Just today I posted the following plea on Facebook:
Everyone please repeat after me: “I feel BAD about that.”
You don’t feel badly (unless you identify silk as barbed wire in a blind touch test). How many of you feel goodly about things? You don’t. Stop saying you feel badly.
So, you can only imagine the horror and embarrassment I felt when I committed a most heinous faux pas—on a couple of levels—at an RV Campground this past weekend. Here’s what happened:
In bold print along the mirrors in the bathroom are warning signs about what you “Absolutely” cannot do with your hair. I suppose the signs are necessary, what with potentially clogged sinks and power issues and such. So when I was in the stall and heard the sound of a hairdryer, I tried to think of a non-threatening way to bring my concern to the blatant rule-breaker.
At this point in my story, please remember my comment about reading words “in context.”
I went to the sink next to Ms. Rule-Breaker and smiled at her, then stared at the sign right in front of her, then looked back at her.
“I feel like I’m on Candid Camera right now,” I told her, giggling a non-threatening giggle, “like someone’s watching to see who’ll report the person, or tell them not to do what they’re doing.” I smiled again and nodded toward the signs.
Ms. Rule-Breaker looked confused and mumbled something like, “Yeah, okay,” and kept drying her hair. A woman of about 45, she looked like she could have been a school teacher or a librarian.

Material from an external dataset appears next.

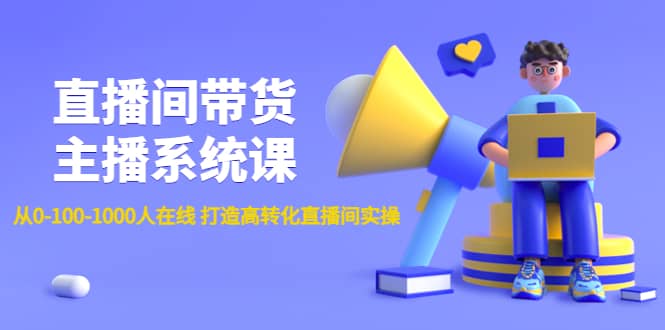 直播间带货主播系统课：从0-100-1000人在线 打造高转化直播间实操-优优资源网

I expected more from her, but I wasn’t about to make a bigger deal than I’d already made of the situation, so I left to help Mike prep the trailer for our departure.

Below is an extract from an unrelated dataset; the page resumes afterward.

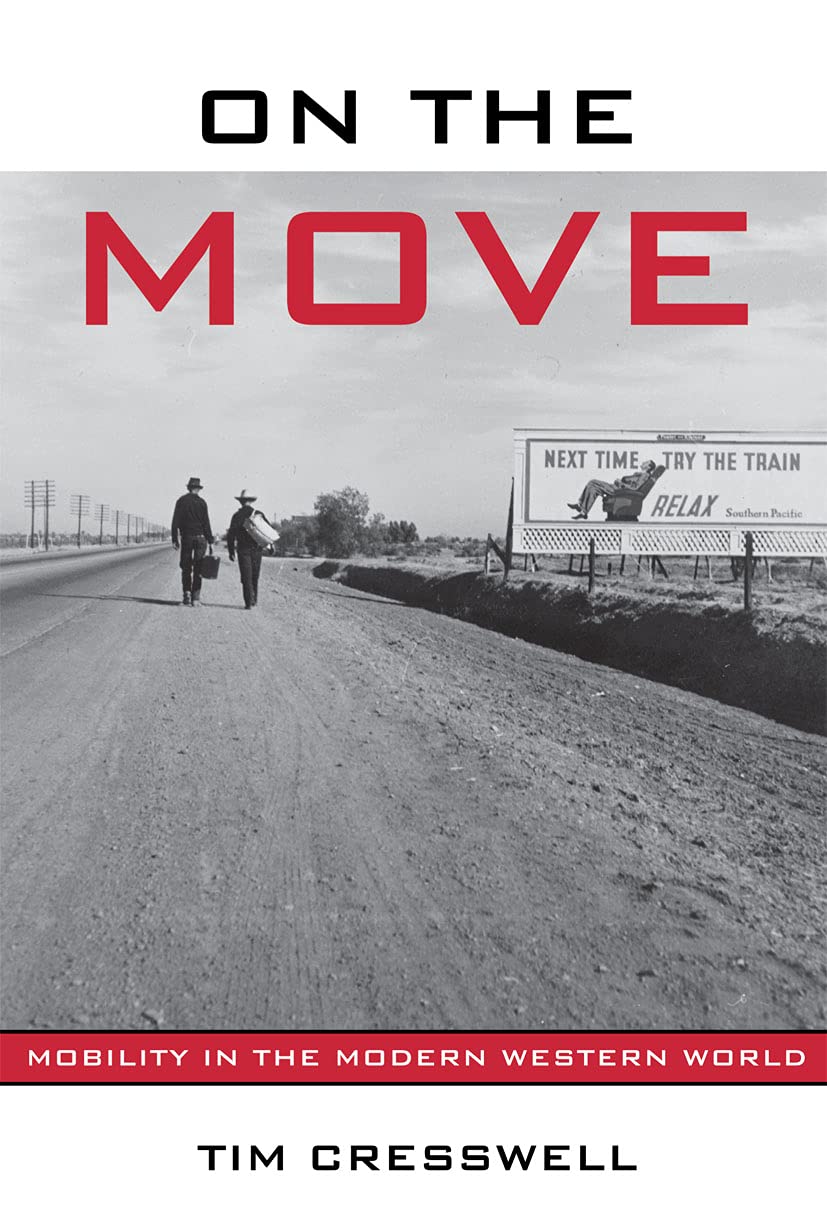 On the Move: Mobility in the Modern Western World Social Sciences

“Emptying the shitter” is the last step before locking up (Chevy Chase Christmas Vacation fans will appreciate that visual), and I took the opportunity to grouse to Mike.
“They have the same signs in the men’s room too,” he told me, though he thought it was weird. “Maybe they have problems with circuit breakers.”

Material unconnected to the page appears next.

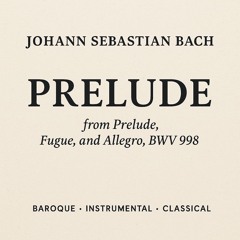 Johann Sebastian Bach – Preludio dal Preludio, Fuga e Allegro BWV 998 (1685-1750)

“Well, I guess the lady I just saw in the bathroom believes the rules don’t apply to her.”
No sooner had I uttered the words than the very same rule-breaker walked around our trailer, hairdryer in hand, and glared at me.
“And just so you know,” she said, “the signs say ‘No Hair DYING’.” She turned in a huff and walked away.
I wanted to run after her and say, “Oh! Really? I’m so sorry! I’m an author . . . I’ll write something funny about this . . .,” but Mike suggested that she might be an author too, and the words she’d use to describe me might not be so funny.
Yes, I was a sanctimonious ass, but come on! “ABSOLUTELY NO HAIR DYING” just doesn’t make sense in an RV Campground bathroom, does it? And in the men’s room too? Well at least now I know (should I ever decide I need to touch up my roots while camping), and I also know I need to read signs more closely . . . and speak more softly in public places!